Item 6. | Contracts, Arrangements, Understandings or Relationships with Respect to Securities of the Issuer |
This Amendment adds the text set forth below immediately after the final paragraph under the subheading “Follow-on Offering” in Item 6 of the Original Schedule 13D:
2023 Offering
On March 7, 2023, Holdco I and Holdco II, as selling stockholders, entered into an Underwriting Agreement (the “Underwriting Agreement”), by and among the Issuer, Parent, Holdco I, Holdco II, and Morgan Stanley & Co. LLC (the “Underwriter”), relating to the public offering of an aggregate 24,501,650 shares of Class A Common Stock by Holdco I and Holdco II (collectively, the “2023 Offering”). The Underwriting Agreement contains customary representations, warranties, covenants and indemnification obligations of Holdco I and Holdco II, as well as other customary provisions.
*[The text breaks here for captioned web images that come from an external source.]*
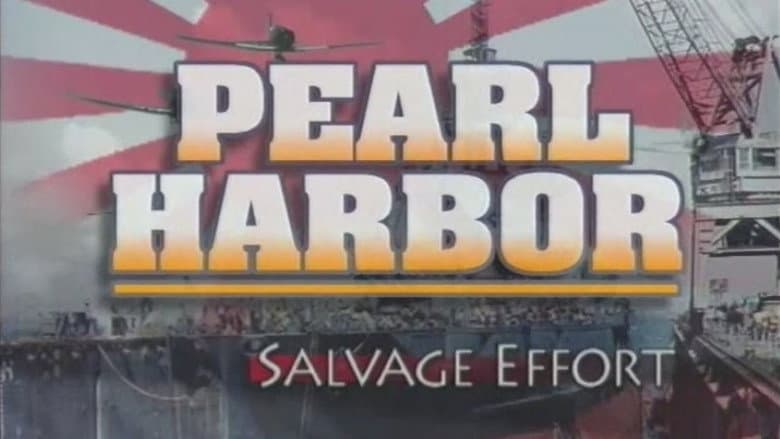 Salvage Efforts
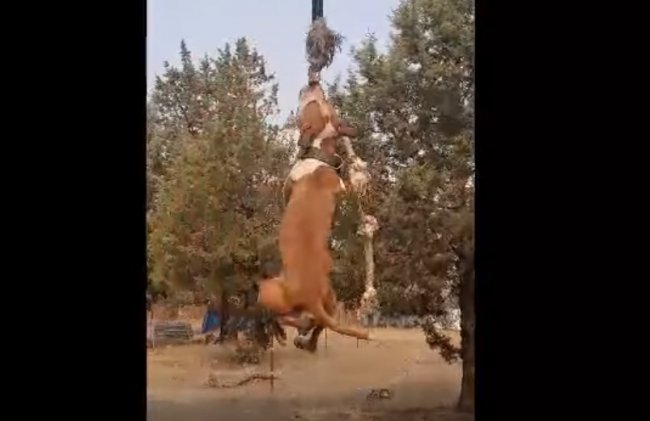 Пес паркурщик!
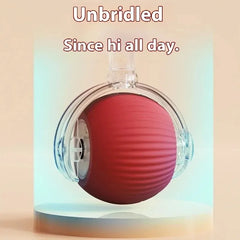 Smart Cat & Dog Toy – Automatic Rolling Ball with Fake Tail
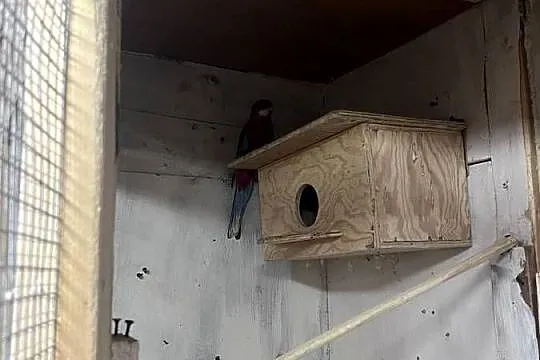 Sprzedam rozelle białolica, Małopolskie, Siepraw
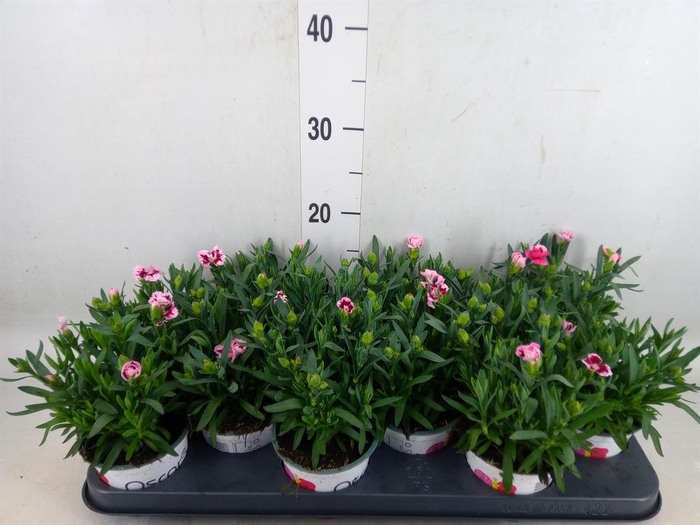 <h4>Dianthus  'Oscar Pink Star'</h4>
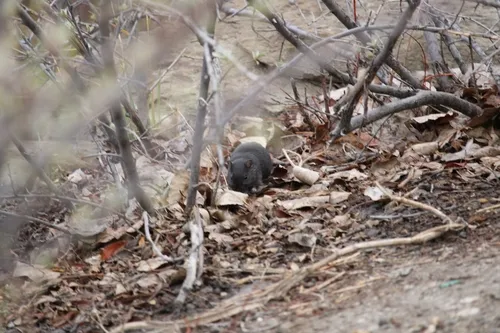 Common Degu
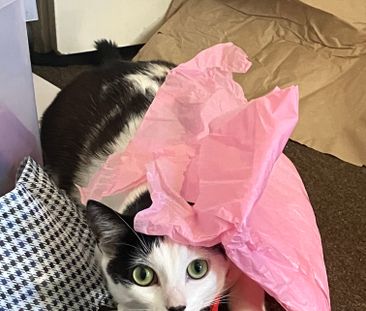 West Footscray - Photo 3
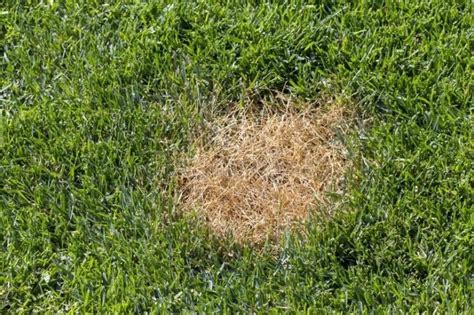 5 Lawn Diseases You Need To Know Treatment And Prevention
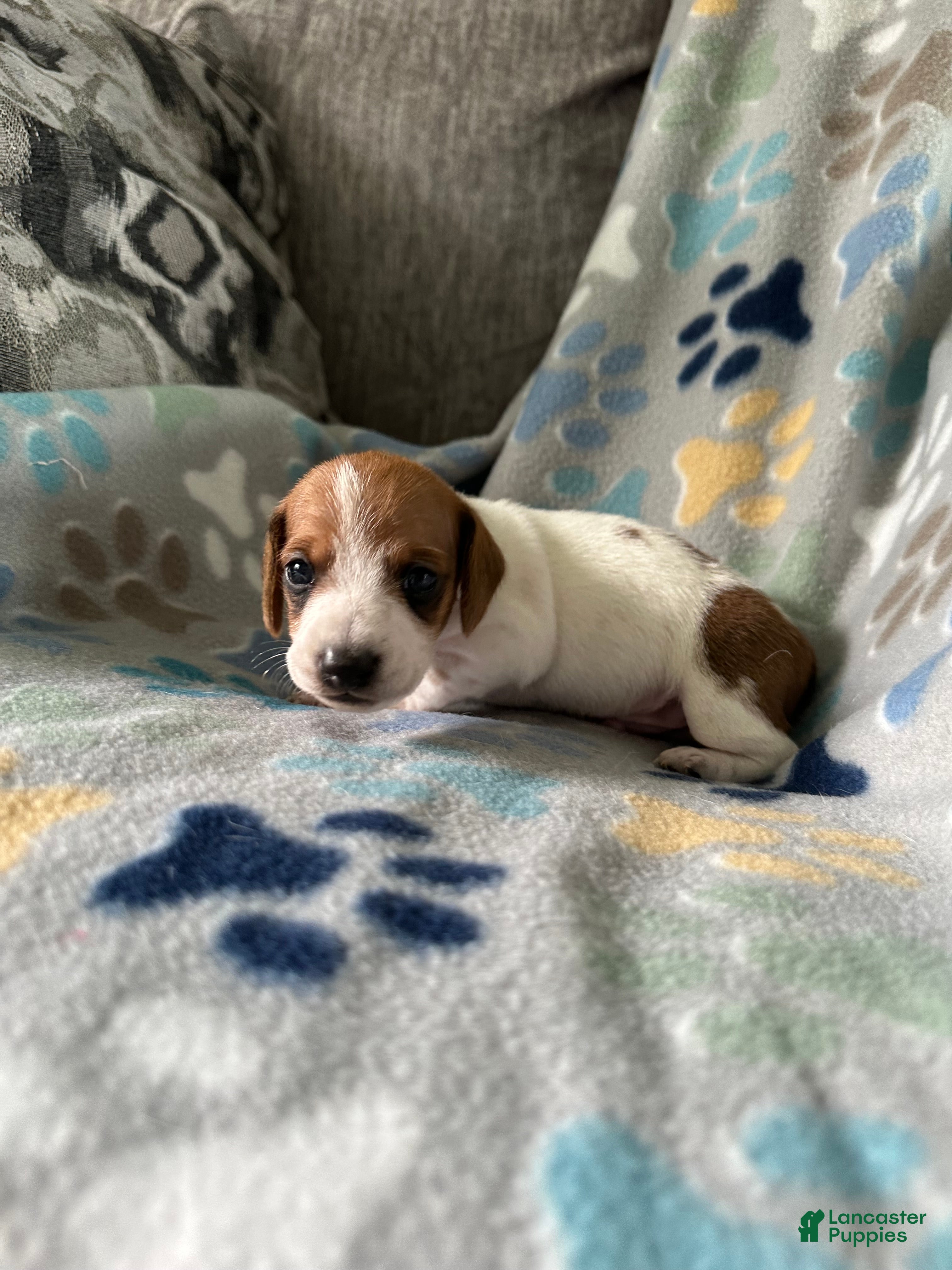 Miniature Dachshund dogs Coconut 🥥 - Ad 2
Pursuant to the Underwriting Agreement, Holdco I and Holdco II granted the Underwriters an overallotment option (the “Overallotment Option”) to purchase up to an additional 3,675,247 shares of Class A Common Stock.
The 2023 Offering was made pursuant to the Issuer’s automatic shelf registration statement on Form S-3 (File No. 333-268610) that became effective under the Securities Act of 1933, as amended, when filed with the SEC on November 30, 2022, and a related prospectus supplement dated March 7, 2023, and filed with the SEC on March 9, 2023. The 2023 Offering closed on March 10, 2023.
In connection with the 2023 Offering, Holdco I, Holdco II and Founder entered into lock-up agreements, copies of which are filed as Exhibits 4, 5, and 6 to this Schedule 13D (the “2023 Lock-Up Agreements”), respectively, with the Underwriters pursuant to which Holdco I, Holdco II, and Founder, subject to certain exceptions, for a period of 90 days after the date of the Final Prospectus, may not, without the prior written consent of the Underwriter, (i) offer, sell, contract to sell, pledge, grant any option to purchase, lend or otherwise dispose of any shares of Common Stock, or any common units of Parent, or any options or warrants to purchase any shares of Common Stock or common units of Parent, or any securities convertible into, exchangeable for or that represent the right to receive shares of Common Stock or any common units of Parent (such options, warrants or other securities, collectively, “Derivative Instruments”), including without limitation any such shares, units or Derivative Instruments now owned or hereafter acquired by Holdco I, Holdco II, or Founder (collectively, the “2023 Lock-Up Securities”), (ii) engage in any hedging or other transaction or arrangement (including, without limitation, any short sale or the purchase or sale of, or entry into, any put or call option, or combination thereof, forward, swap or any other derivative transaction or instrument, however described or defined) which is designed to or which reasonably could be expected to lead to or result in a sale, loan, pledge or other disposition (whether by the undersigned or someone other than the undersigned), or transfer of any of the economic consequences of ownership, in whole or in part, directly or indirectly, of the 2023 Lock-Up Securities, whether any such transaction or arrangement (or instrument provided for thereunder) would be settled by delivery of Common Stock or other securities, in cash or otherwise (any such sale, loan, pledge or
other disposition, or transfer of economic consequences, or (iii) otherwise publicly announce any intention to engage in or cause any action or activity described in clause (i) above or transaction or arrangement described in clause (ii) above.
The description of the 2023 Lock-Up Agreements in this Item 6 of this Schedule 13D is a summary only and is qualified in its entirety by the actual terms of the 2023 Lock-Up Agreements, copies of which are filed as Exhibits 4, 5, and 6 to this Schedule 13D.